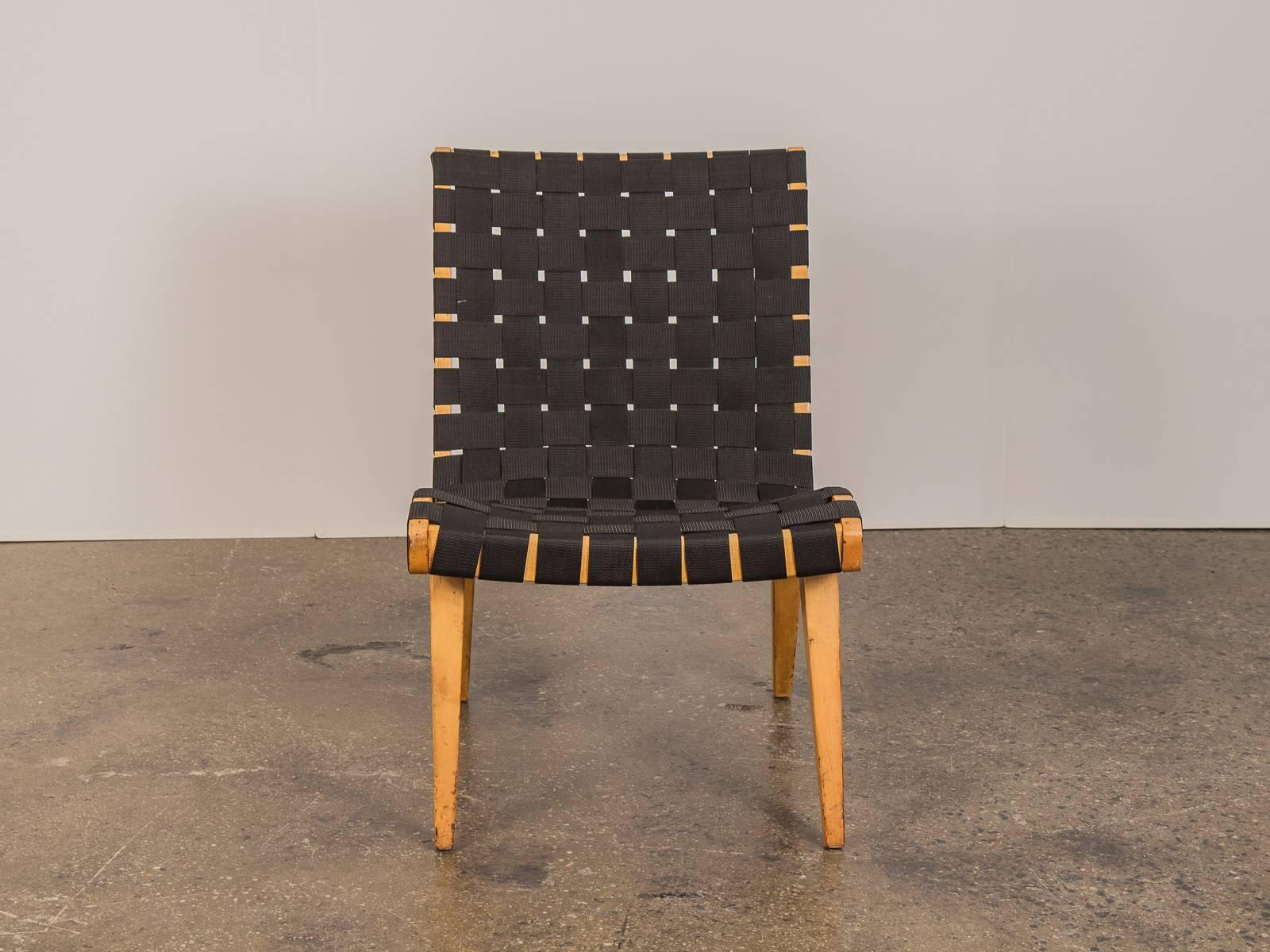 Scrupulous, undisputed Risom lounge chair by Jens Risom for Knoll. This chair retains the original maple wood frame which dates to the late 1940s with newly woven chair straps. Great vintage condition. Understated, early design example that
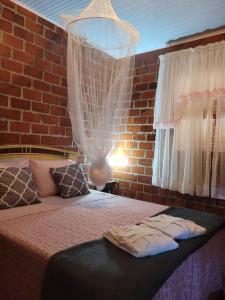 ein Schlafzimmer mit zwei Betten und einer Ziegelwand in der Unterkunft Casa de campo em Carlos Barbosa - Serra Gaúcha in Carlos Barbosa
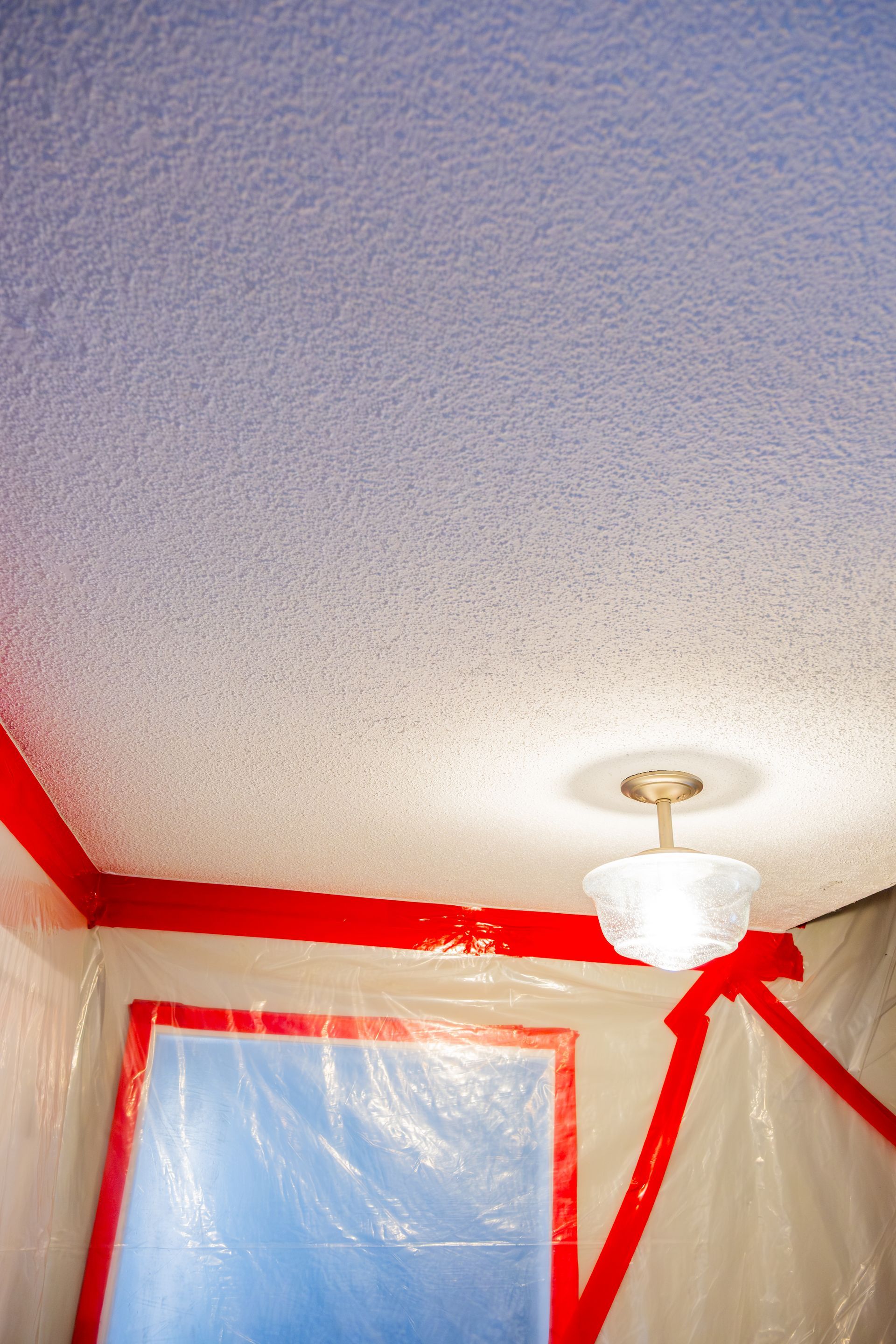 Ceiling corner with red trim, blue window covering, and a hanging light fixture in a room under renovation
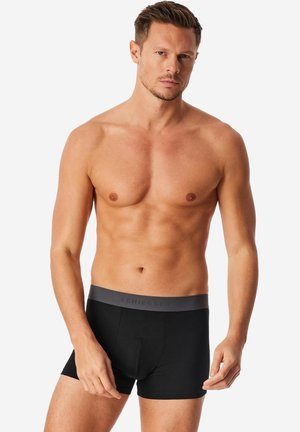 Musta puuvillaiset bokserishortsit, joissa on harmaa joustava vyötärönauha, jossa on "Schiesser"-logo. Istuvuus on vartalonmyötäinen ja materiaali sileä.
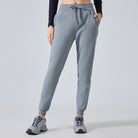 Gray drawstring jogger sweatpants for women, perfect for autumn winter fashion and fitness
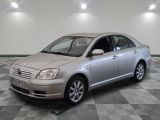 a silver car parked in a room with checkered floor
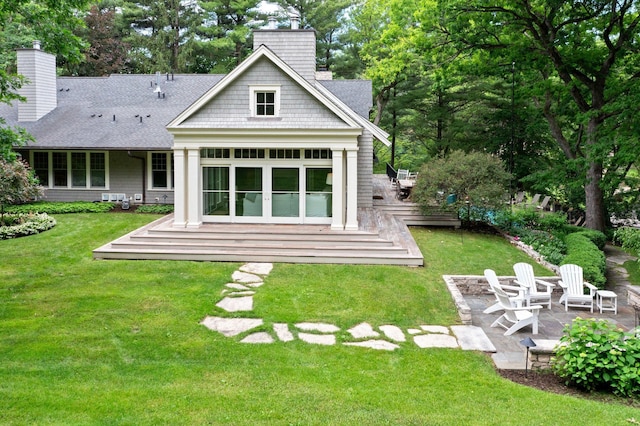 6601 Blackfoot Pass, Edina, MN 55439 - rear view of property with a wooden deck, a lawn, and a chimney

#### [WHAT TO DO]
Using the data above, transcribe exactly the lines between those containing "Ceiling corner with" and "Musta puuvillaiset bokserishortsit, joissa", inclusive, and leave every picture behind.

#### [OUTPUT OF THE EXERCISE]
 Ceiling corner with red trim, blue window covering, and a hanging light fixture in a room under renovation
 Musta puuvillaiset bokserishortsit, joissa on harmaa joustava vyötärönauha, jossa on "Schiesser"-logo. Istuvuus on vartalonmyötäinen ja materiaali sileä.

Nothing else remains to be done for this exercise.